● **Exercise directions**
Each line below is to be copied exactly; images do not go into the copy.

━━ Data provided

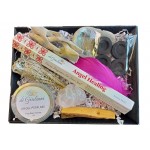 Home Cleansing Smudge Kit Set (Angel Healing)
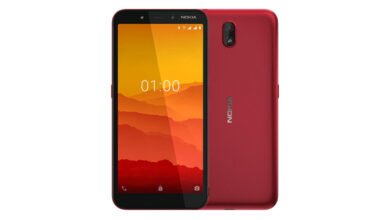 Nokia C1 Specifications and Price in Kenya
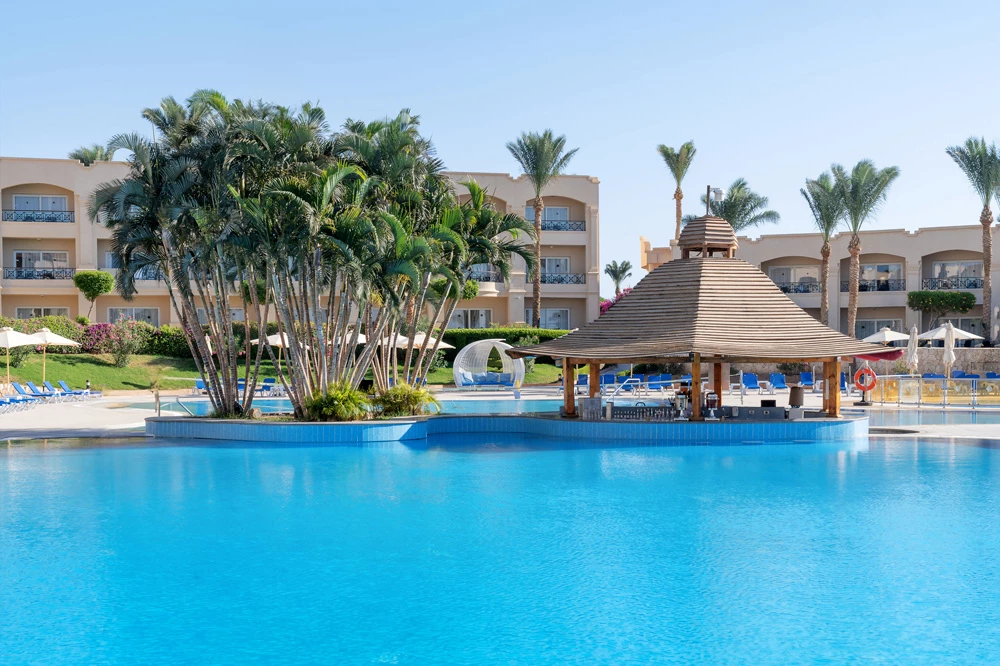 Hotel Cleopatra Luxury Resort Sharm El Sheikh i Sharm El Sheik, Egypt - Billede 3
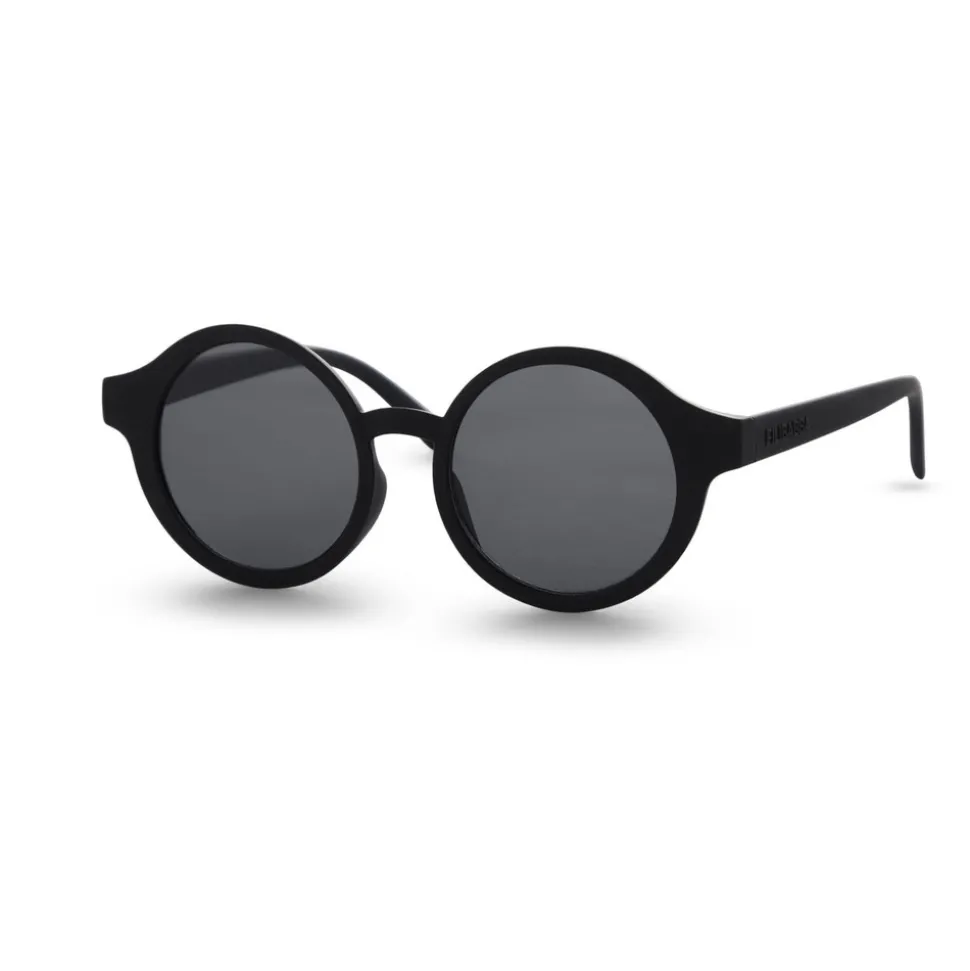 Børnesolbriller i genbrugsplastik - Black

━━━━

● **Response to the exercise**
 Home Cleansing Smudge Kit Set (Angel Healing)
 Nokia C1 Specifications and Price in Kenya
 Hotel Cleopatra Luxury Resort Sharm El Sheikh i Sharm El Sheik, Egypt - Billede 3
 Børnesolbriller i genbrugsplastik - Black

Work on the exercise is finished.